Find all ordered pairs $(a,b)$ such that $1/a + 1/b = 3/2018$ and $a,b$ are positive integers

Question

I gave this problem my best attempt and am now trying to understand the solution for it. This is problem #1 to the 79th William Lowell Putnam Math Competition. This is the given solution by Kiran Kedlaya and Lenny Ng:

By clearing denominators and regrouping, we see that the given equation is equivalent to $(3a−2018)(3b−2018) = 2018^2$. Each of the factors is congruent to $1 \text{ (mod } 3)$. There are $6$ positive factors of $2018^2 = 2^2 · 1009^2$ that are congruent to $1\text{ (mod } 3)$: $1$, $2^2$ , $1009$, $2^2 · 1009$, $1009^2$, $2^2 · 1009^2$. These lead to the 6 possible pairs: $(a,b)$ $= (673,1358114)$, $(674,340033)$, $(1009,2018)$, $(2018,1009)$, $(340033,674)$, and $(1358114,673)$. As for negative factors, the ones that are congruent to $1\text{ (mod }3)$ are $−2$, $−2 · 1009$,$−2 · 1009^2$. However, all of these lead to pairs where $a ≤ 0$ or $b ≤ 0$.

I don't fully understand these things:

1. Each of the factors is congruent to $1\text{ (mod }3)$: I think congruence means the ability to translate into something else using some rules, so it seems like they are saying that $(3a-2018) = 1$ and $(3b-2018) = 1$. I'm also not sure why they wrote $1\text{ (mod }3)$ because 1 % 3 = 1, so why not just say $1$?
2. There are $6$ positive factors of $2018^2 = 2^2·1009^2$ that are congruent to $1\text{ (mod }3)$: $1$, $2^2$, $1009$, $2^2·1009$, $1009^2$, $2^2·1009^2$: Here it seems like they are listing all of the ways to make $2018^2$, but if they are saying that $1$ is a possible factor then wouldn't $2018^2$ be its pair and therefore must be in this list?

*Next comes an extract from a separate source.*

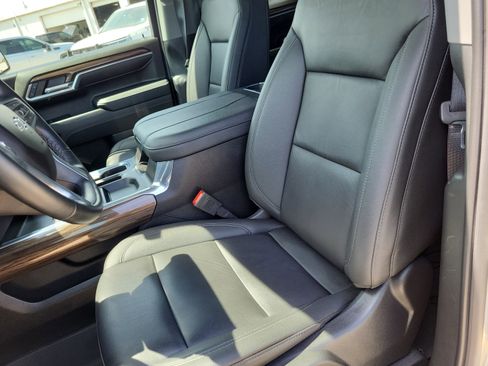 Certified 2024 Chevrolet Silverado 1500 RST w/ Texas Edition Plus image 15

Why wouldn't they put it into this list?
3. These lead to the 6 possible pairs:$(a,b) = (673,1358114)$, $(674,340033)$, $(1009,2018)$,$(2018,1009)$, $(340033,674)$, and $(1358114,673)$: How did they get these pairs?

Answer 1

We need to solve $$3ab=2018(a+b)$$ or $$9ab-3\cdot2018(a+b)+2018^2=2018^2$$ or $$(3a-2018)(3b-2018)=2018^2$$ or $$(3a-2018)(3b-2018)=2^21009^2.$$ Now, let $a\leq b$.

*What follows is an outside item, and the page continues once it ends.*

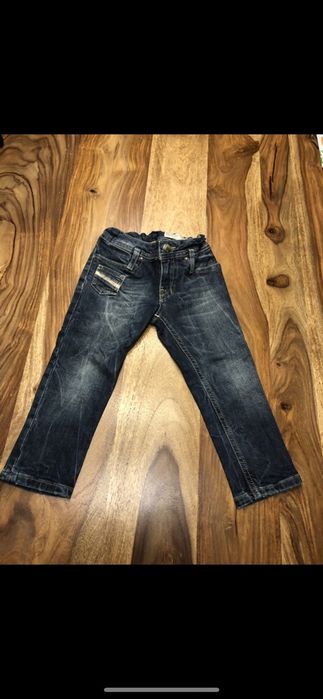 Детски дънки Diesel оригинал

We obtain: $$3a-2018=1,$$ which gives $a=673$ and $b=1358114$ or $$3a-2018=2,$$ which is impossible because $2+2018$ is not divisible by $3$ or $$3a-2018=4,$$ which gives $a=674$ and $b=340033$ or $$3a-2018=1009,$$ which gives $a=1009$ and $b=2018$ or $$3a-2018=2\cdot1009,$$ which is impossible because $2\cdot1009+2018$ is not divisible by $3$.

Can you end it now?

Answer 2

1. Saying a number is congruent to $1 \bmod 3$ means that when you divide it by $3$ you have a remainder of $1$. The point is that $3a-2018$ is congruent to $1 \bmod 3$ because $3a$ is a multiple of $3$ and $2018$ has a remainder of $2$ when divided by $3$.
2. $2018^2$ is on the list as $2^2\cdot 1009^2$
3. They used each factorization and solved for $a$ and $b$. The factorization $1 \cdot 2018^2$ gives us $3a-2018=1,a=673, 3b-2018=2018^2,b=\frac 13(2018^2+2018)=1358114$

Answer 3

$$\frac{1}{a} + \frac{1}{b} = \frac{3}{2018} \implies 2018a +2018b -3ab = 0$$

$$\implies b = \frac{2018 a}{3 a - 2018} \land 3 a\ne 2018\quad\lor\quad a = \frac{2018 b}{3 b - 2018} \land 3 b\ne 2018 $$

Since $\quad 2018/3\not\in\mathbb{N}\quad$ we need not worry about the restrictions above. A spreadsheet or a simple program reveals the following (a,b) pairs.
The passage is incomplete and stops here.